# How to Prepare a Basswood Carving for Painting and Staining



## Druid

For the Basswood (Linden wood) carvers, there is often the question of how the wood should be prepared for painting or staining. 
Fred Zavadil, a Canadian master wood carver, has a well presented method on his site . . . http://www.fredzavadilwoodcarving.com/
I would suggest that you also take the time to have a good look around all of his site so that you don't miss any of his excellent information.
The information and video on preparing Basswood can be found at . . .
http://www.fredzavadilwoodcarving.com/1719/how-to-prepare-carving-painting-staining-finishing/

Happy carving.


----------



## tywalt

Timely post. I'm just finishing up a basswood carving and was considering finishing methods.

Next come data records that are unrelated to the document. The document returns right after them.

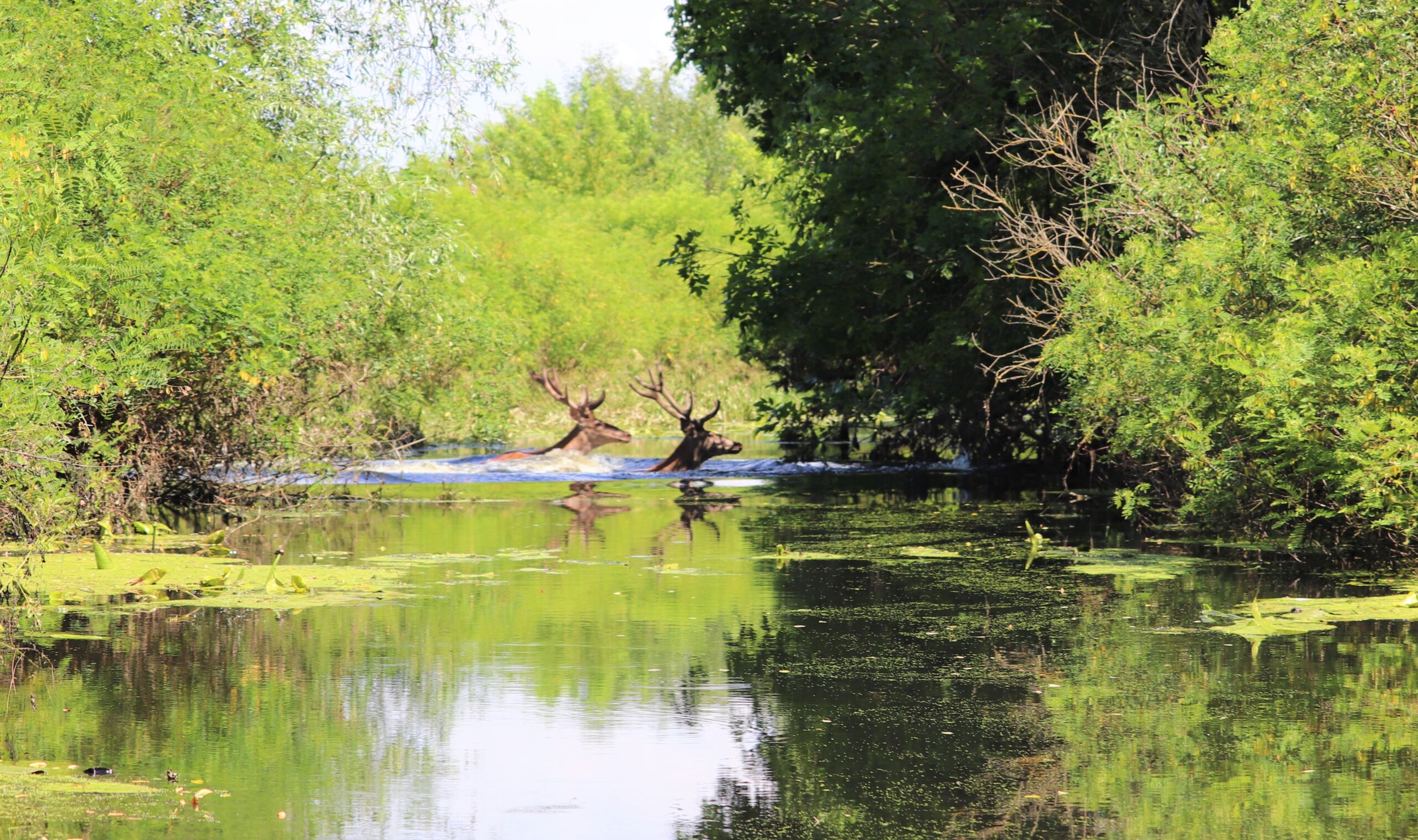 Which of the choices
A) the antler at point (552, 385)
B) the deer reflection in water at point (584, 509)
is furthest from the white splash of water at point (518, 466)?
Answer: the deer reflection in water at point (584, 509)

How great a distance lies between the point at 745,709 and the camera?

Thanks for sharing!


----------



## Grumpy

Thanks John


----------



## Druid

Hope you find the information as helpful as I did.
I was fortunate enough to have seen some of Fred's carvings when I lived near Toronto, and my favourite one that I saw "live" is his Archer.
If you ever have the opportunity to meet Fred, make sure you take the time to do so. It will be worth it.


----------



## lew

Thanks, John. I envy folks who can carve figures from a block of wood.


----------



## Druid

Glad you enjoyed it Lew.
BTW . . . Most of the figure carvers envy your ability to produce those beautiful rolling pins.


----------



## Druid

Update of additional details from Fred and Hana Zavadil . . .
"I am glad the info could help someone, just hope they realize this is only for inside carvings and for basswood and also that they really, really have to put a LOT of the sealer on, especially on the ends!!!! And also that the first time they try the method, they try it on something else, not on the actual carving!!!! It is a skill and it takes time to do it well …. " 
My thanks to Fred and Hana for adding these additional details.


----------